Dalam sebuah aplikasi yang kompleks, biasanya berbagai hal seperti UI, database, sampai business logic dipisahkan kedalam beberapa layer, yang biasanya membantu developer untuk me-manage kompleksitas kodenya. Secara dogmatis, domain-driven design menyarankan kita untuk memisahkan ekspresi antara model dengan business logic. Buat sebuah desain arsitektur yang mana masing-masing layer hanya mempunyai ketergantungan terhadap layer dibawahnya. Sehingga kode tersebut menjadi loosely-coupled, yang berarti terpisah antara UI, aplikasi, dan kode infrastruktur. Ada beberapa istilah dalam layered architecture:

  1. Entity, yang merujuk kepada sebuah object yang memiliki identitas, punya behavior, aturan, dan side effect. Dimana identitas dari suatu entity ini tidak akan pernah berubah, namun property lain di dalamnya bisa berubah (atau ter-mutate).
  2. Value object merupakan sebuah object yang tidak memiliki identitas, lebih sederhana lagi dapat didefinisikan sebagai atribut dan logika dari sebuah elemen dalam model. Value object ini dapat berubah, namun seharusnya diperlakukan sebagai suatu object yang immutable (atau isinya tidak bisa diubah). Apabila berubah, suatu value object baru akan diciptakan dan diberikan kepada layer diatasnya yang biasanya merupakan sebuah entity.

Sebetulnya ada 3 istilah lagi seperti services, aggregates dan factory & repository yang menjadi bagian dalam pembahasan ini. Namun, karena saya malas, kita pindah topik saja ke suatu hal yang lebih dipedulikan oleh developer:

Lalu dalam real-world project, bagaimana cara menerapkan domain-driven design?

Karena domain-driven design tidak mempunyai aturan terkait bagaimana struktur folder atau pattern-pattern lain (seperti repository pattern, dan design pattern lain) yang dapat digunakan di dalamnya, maka tidak ada konvensi juga terkait dua hal itu.
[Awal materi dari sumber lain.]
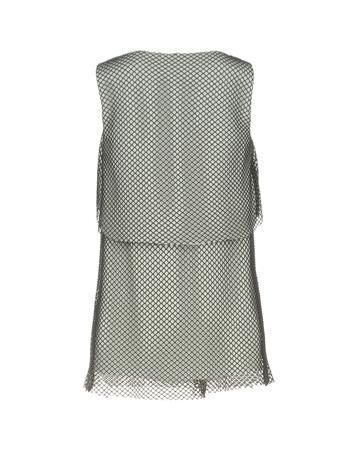 Топ CEDRIC CHARLIER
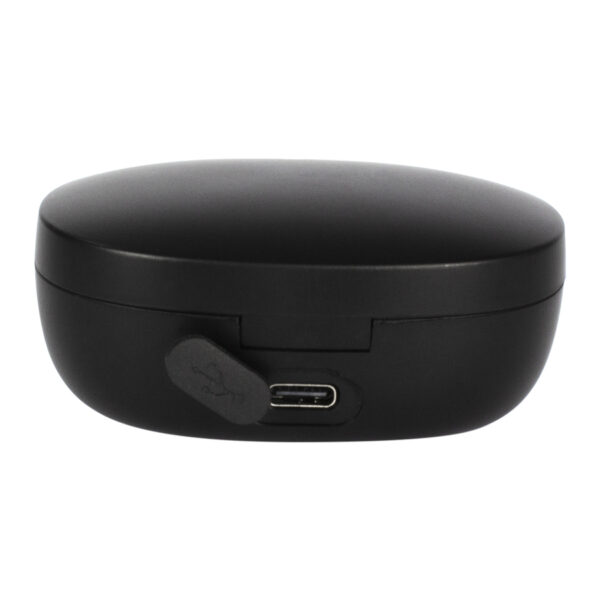 Audífonos Auriculares Bluetooth JL5.0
Namun, kalau ingin mengetahui bagaimana cara paling umum dalam penerapannya, kamu bisa melihat ke konsep Clean Architecture, yang dari namanya mungkin akan memberikan struktur folder, namun sebenarnya tidak juga.

Singkatnya, Clean Architecture memisahkan antara business logic, wrapper seperti database dan hal-hal lain yang dapat digantikan kapan pun, serta UI (atau biasanya lebih familiar dengan sebutan presentation layer).

Masih banyak resource yang harus dieksplor sendiri, karena tidak akan habis kalau domain-driven design dijelaskan melalui sebuah artikel saja.